Сегодня был именно такой день. Накануне позвонил Денис и сказал, что завтра ресторанное секьюрити (несмотря на Денисову «крышу», с того дня «Дюну» охраняли двое охламонов в камуфляже) может отдохнуть. Охрану заведения возьмут на себя его люди. Один из них занял пост на дорожке, ведущей от ресторана к Выборгскому шоссе. Посередине был шлагбаум, открытый практически всегда и поэтому не вызывавший никаких нареканий у местной администрации. Но сегодня шлагбаум преграждал путь к ресторану. Возле него дежурили двое крепких ребят, и можно было с уверенностью сказать: в этот день в «Сосновую дюну» попадут только те, кого захотел там видеть Денис.

Первым в ресторан приехал Михин. Хозяин сам проводил гостя в пустой зал, усадил за столик и спросил: чего бы тот хотел выпить?

Элементарный вопрос поставил Виталия Самуиловича в затруднение — дело было в том, что тот привык полагаться на вкус партнеров. Те же обычно заказывали приличные вина. Сейчас же партнеров рядом не было. Кроме того, Михин никогда бы не признался себе в этом, но его питейные пристрастия сформировались в детские годы, когда он с приятелями давил перед танцульками дрянной портвяш в парадняке.

Витюша не любил виски, как любой другой крепкий напиток. Однако ему было жарко, и он, решив, что виски со льдом — штука прохладительная, попросил для начала принести именно его. По отсутствию опыта, он не сообразил, что сто грамм — это не конечный выход напитка, включая лед, а сто грамм непосредственно виски.

Как ни странно, напиток ему понравился. Михин не заметил, как одолел бокал и попросил повторить. Он задумался о закуске, но вспомнив, что виски не закусывают, делать этого не стал.

Прошло почти полчаса. Стаценко все не было и не было. «Не многовато ли будет?» — бродила спасительная мысль в голове у Михина. Мысль ушла, как назойливая медсестра, прогнанная больным, и Виталий Самуилович заказал третью порцию виски.

С каждым глотком прежние страхи уходили прочь. Ну и пусть сейчас сюда несется козел Стаценко! Приехал из своего Иркутска-150 и думает: «Я круче, чем вареные яйца парагвайского страуса». Он — мандовошка с претензиями, больше ничего. Мы в Питере и не таких обламывали. И пусть, скотина, только посмеет повысить голос на Виталия Самуиловича Михина! Он не дурак, у него кое-что во внутреннем кармане пиджака…

— Чего водочку не пьешь, Витюша? Боишься, что попадется бутылка с твоего завода?

Михин поднял голову. Он не заметил, как в зал вошел Стаценко и неторопливо направился к его столику.

— Добрый день, — Михин постарался кивнуть так, как обычно, не поднимая головы, кивает начальник при виде опоздавшего подчиненного.

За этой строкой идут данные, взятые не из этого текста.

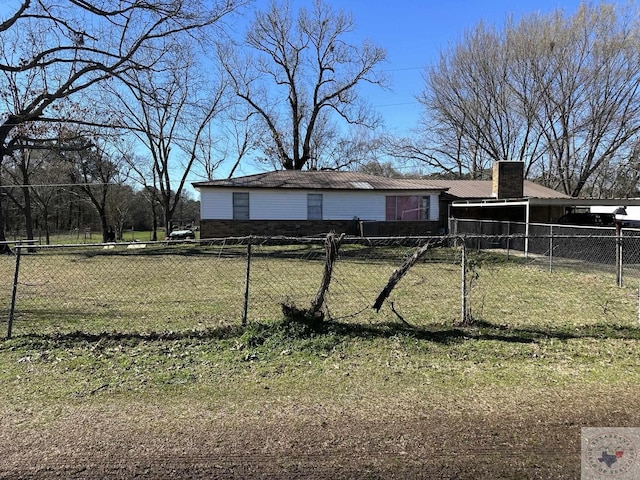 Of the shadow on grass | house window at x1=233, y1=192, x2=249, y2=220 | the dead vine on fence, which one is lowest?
the shadow on grass

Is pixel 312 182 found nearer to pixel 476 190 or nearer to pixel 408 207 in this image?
pixel 408 207

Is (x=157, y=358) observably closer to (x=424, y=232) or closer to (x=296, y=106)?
(x=424, y=232)

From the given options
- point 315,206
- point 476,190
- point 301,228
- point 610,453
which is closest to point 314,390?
point 610,453

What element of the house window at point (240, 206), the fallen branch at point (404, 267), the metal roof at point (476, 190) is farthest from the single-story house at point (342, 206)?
the fallen branch at point (404, 267)

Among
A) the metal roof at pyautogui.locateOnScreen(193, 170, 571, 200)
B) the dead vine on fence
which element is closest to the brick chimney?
the metal roof at pyautogui.locateOnScreen(193, 170, 571, 200)

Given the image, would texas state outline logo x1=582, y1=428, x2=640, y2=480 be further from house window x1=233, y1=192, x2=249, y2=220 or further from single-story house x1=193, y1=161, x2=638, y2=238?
house window x1=233, y1=192, x2=249, y2=220

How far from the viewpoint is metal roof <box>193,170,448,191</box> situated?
21.2m

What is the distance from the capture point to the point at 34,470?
2582 mm

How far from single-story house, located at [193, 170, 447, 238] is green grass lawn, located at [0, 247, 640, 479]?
45.5ft

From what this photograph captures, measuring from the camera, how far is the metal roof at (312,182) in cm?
2117

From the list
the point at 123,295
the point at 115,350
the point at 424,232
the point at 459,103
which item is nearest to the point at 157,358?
the point at 115,350

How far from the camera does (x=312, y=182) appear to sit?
22.4 metres

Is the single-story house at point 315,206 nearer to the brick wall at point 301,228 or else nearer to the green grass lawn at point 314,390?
the brick wall at point 301,228

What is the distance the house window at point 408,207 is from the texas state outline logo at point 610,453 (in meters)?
20.0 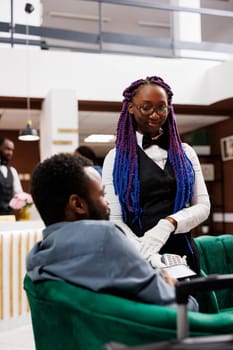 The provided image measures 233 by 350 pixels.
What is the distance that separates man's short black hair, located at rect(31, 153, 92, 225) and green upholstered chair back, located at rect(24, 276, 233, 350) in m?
0.20

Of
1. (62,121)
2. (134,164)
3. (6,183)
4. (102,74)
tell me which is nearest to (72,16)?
(102,74)

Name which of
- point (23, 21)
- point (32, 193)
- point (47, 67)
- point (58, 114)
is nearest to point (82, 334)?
point (32, 193)

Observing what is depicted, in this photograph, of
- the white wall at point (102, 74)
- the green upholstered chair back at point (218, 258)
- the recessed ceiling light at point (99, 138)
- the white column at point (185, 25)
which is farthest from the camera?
the recessed ceiling light at point (99, 138)

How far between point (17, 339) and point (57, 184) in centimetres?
259

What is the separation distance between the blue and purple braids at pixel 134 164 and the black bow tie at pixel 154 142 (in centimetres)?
2

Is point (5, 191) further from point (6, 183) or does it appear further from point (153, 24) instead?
point (153, 24)

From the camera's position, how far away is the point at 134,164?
168cm

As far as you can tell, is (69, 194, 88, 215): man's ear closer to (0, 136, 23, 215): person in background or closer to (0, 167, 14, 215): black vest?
(0, 136, 23, 215): person in background

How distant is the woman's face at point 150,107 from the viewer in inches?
65.0

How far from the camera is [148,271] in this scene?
1157 mm

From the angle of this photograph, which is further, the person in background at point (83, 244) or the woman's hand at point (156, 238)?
the woman's hand at point (156, 238)

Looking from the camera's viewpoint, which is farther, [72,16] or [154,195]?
[72,16]

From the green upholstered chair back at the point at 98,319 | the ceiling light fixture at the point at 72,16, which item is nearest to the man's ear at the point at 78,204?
the green upholstered chair back at the point at 98,319

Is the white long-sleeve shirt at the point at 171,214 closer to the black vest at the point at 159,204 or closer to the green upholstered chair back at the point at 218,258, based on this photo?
the black vest at the point at 159,204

На широком и морщинистом лице Стаценко появилась удивленная гримаса. Сибиряка удивил даже не тон Михина, а то, что тот почти не удивился его появлению.

— Какой ты, Витек, сердитый сегодня. Ну, не хочешь водочки, я выпью за тебя. Человек!.. Для начала сто грамм «Абсолюта» и пельменей. Я только горячим закусываю. И настоящих пельменей, а не вареных кошачьих яиц.

Потом Стаценко вынул «беломорину» (Михин знал, что сибиряк настолько любит этот сорт, что курил его даже на приеме во дворце Белосельских-Белозерских), затянулся и выпустил густое облако прямо в лицо Виталию Самуиловичу.

— А знаешь, Витюша, будь в здешнем меню настоящие кошачьи яйца, я бы их точно для тебя бы приказал сварить. Чтобы ты ими давился и думал: «Нельзя делать подлянки своим друзьям».

— Своим друзьям я подлянок не делаю, — с упором на первое слово сказал Михин.

— Стоп. Кто же у тебя друзья? Ларечники, которые твоей водкой торгуют? Или партнеры, благодаря которым ты смог хоть одну бутылку выпустить?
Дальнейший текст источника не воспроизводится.